> _Aim of the exercise_
Omit all pictures and transcribe only the lines in the entries below that run from the line with "344 Kerr Lake" through the line with "a hot tub sitting".
+++ Data extracts +++
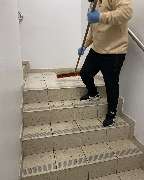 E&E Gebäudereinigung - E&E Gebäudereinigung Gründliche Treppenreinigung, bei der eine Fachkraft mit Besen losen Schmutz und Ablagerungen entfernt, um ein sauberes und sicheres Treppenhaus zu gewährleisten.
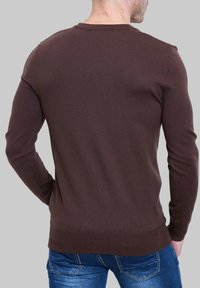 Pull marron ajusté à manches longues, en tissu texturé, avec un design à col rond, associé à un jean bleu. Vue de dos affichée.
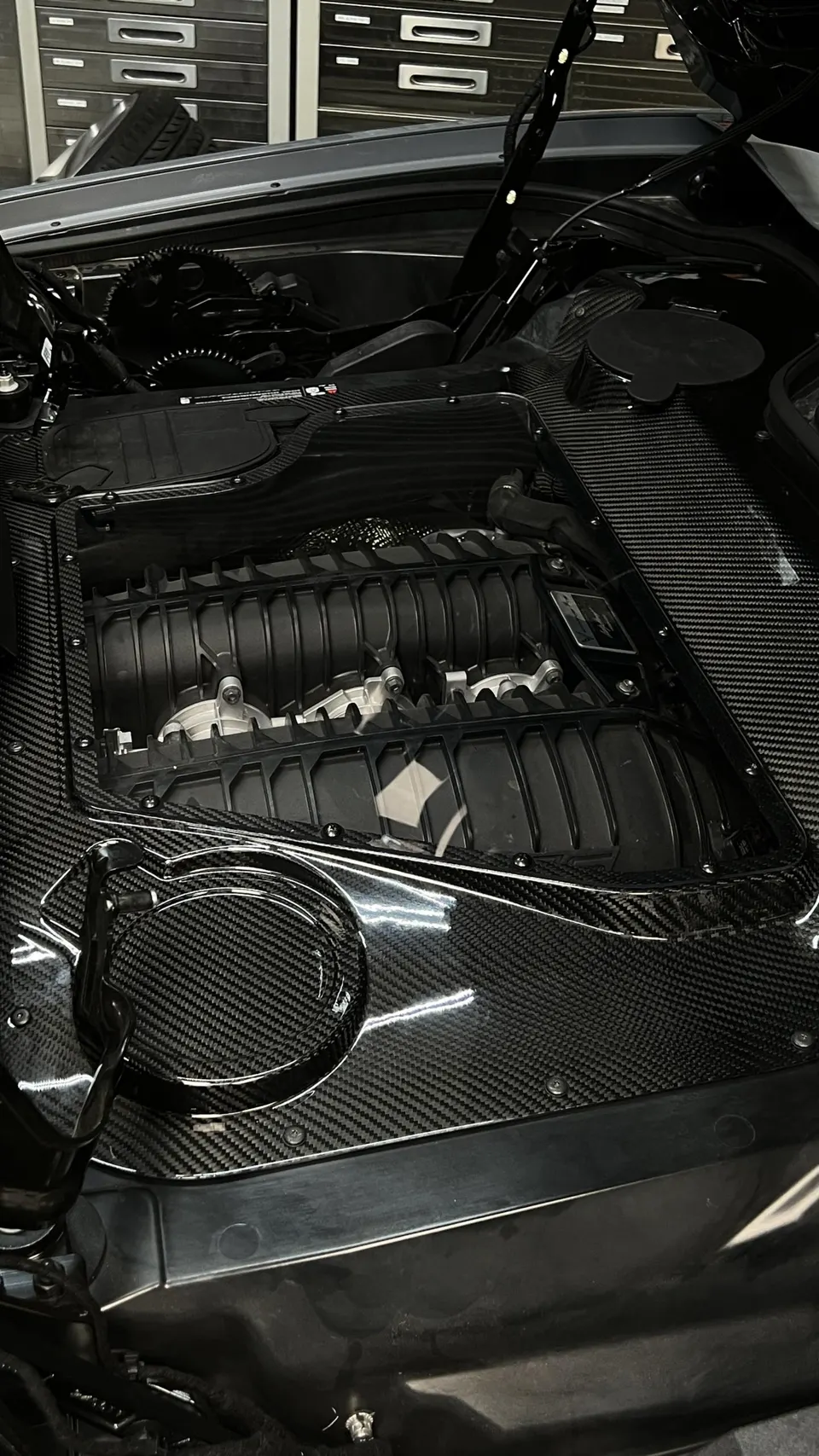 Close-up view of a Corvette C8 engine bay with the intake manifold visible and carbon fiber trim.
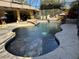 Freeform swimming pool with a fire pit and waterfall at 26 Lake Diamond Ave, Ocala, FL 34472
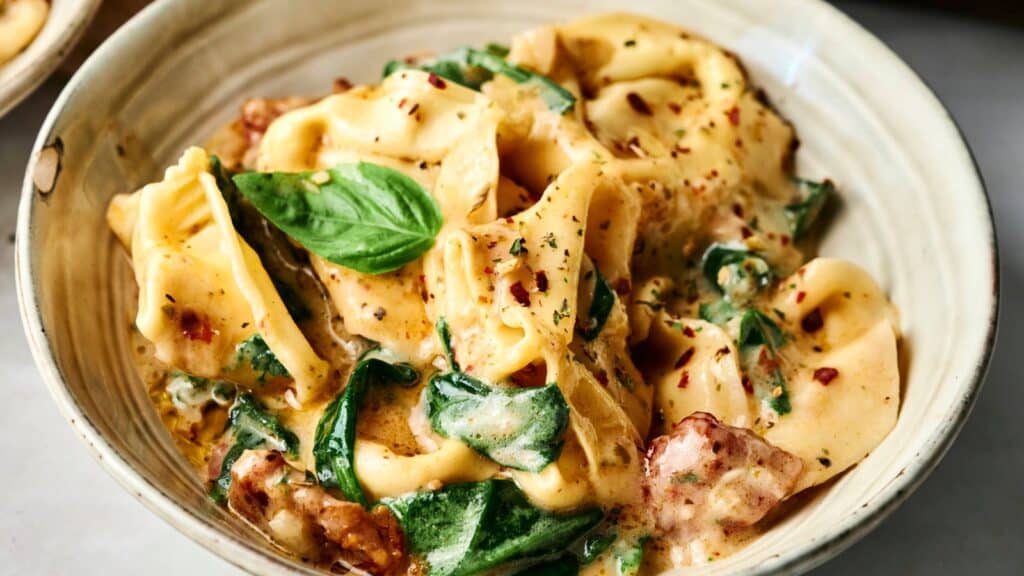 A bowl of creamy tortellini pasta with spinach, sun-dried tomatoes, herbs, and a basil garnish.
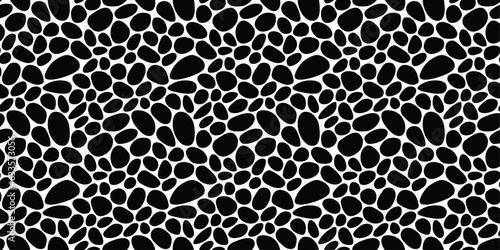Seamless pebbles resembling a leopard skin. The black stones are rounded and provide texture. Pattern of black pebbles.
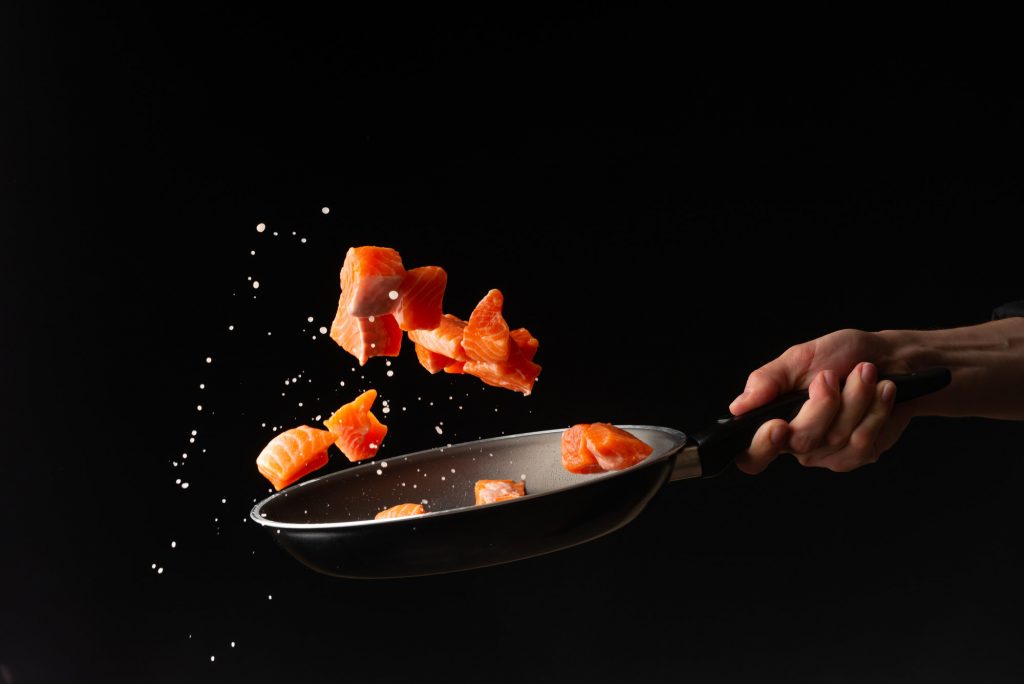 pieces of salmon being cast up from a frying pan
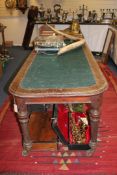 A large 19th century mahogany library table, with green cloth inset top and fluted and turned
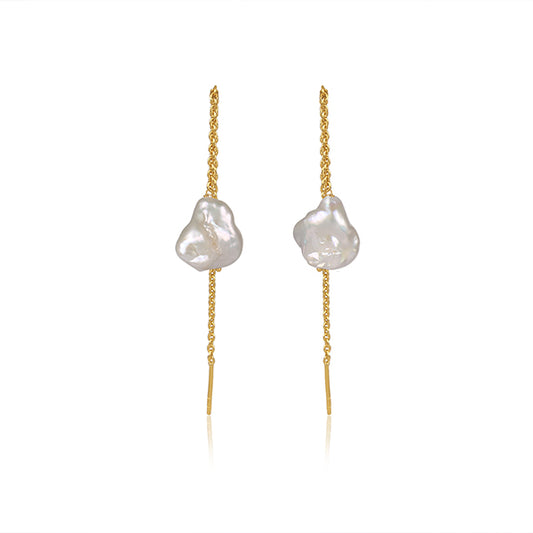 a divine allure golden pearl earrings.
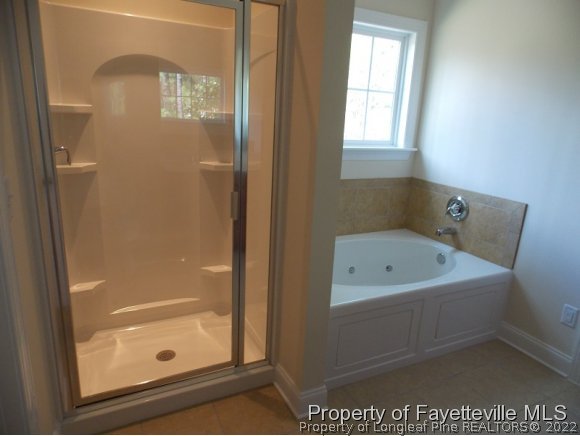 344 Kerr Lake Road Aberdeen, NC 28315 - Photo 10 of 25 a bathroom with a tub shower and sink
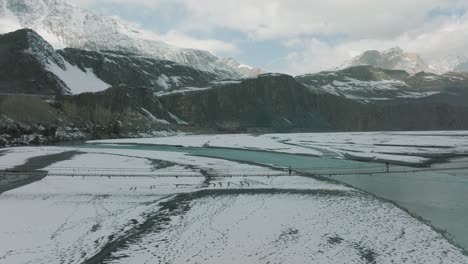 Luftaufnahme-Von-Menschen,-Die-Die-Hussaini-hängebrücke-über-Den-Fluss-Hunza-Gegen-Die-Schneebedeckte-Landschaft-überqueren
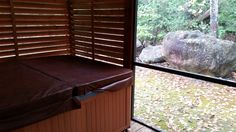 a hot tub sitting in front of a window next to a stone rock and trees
+++
+++ Data extracts +++
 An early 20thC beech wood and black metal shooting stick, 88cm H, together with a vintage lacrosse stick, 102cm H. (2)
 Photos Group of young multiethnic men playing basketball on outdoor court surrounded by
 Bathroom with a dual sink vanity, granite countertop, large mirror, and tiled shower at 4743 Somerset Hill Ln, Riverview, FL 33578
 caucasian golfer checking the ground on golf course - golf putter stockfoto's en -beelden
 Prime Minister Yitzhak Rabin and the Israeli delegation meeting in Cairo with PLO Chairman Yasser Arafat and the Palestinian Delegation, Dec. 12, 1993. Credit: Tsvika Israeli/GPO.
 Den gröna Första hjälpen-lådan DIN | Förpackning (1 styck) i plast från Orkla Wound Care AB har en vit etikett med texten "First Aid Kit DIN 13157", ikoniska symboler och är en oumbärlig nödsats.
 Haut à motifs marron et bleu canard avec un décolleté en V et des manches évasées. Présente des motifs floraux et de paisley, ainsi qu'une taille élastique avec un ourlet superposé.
+++
> _Solved exercise_
 344 Kerr Lake Road Aberdeen, NC 28315 - Photo 10 of 25 a bathroom with a tub shower and sink
 Luftaufnahme-Von-Menschen,-Die-Die-Hussaini-hängebrücke-über-Den-Fluss-Hunza-Gegen-Die-Schneebedeckte-Landschaft-überqueren
 a hot tub sitting in front of a window next to a stone rock and trees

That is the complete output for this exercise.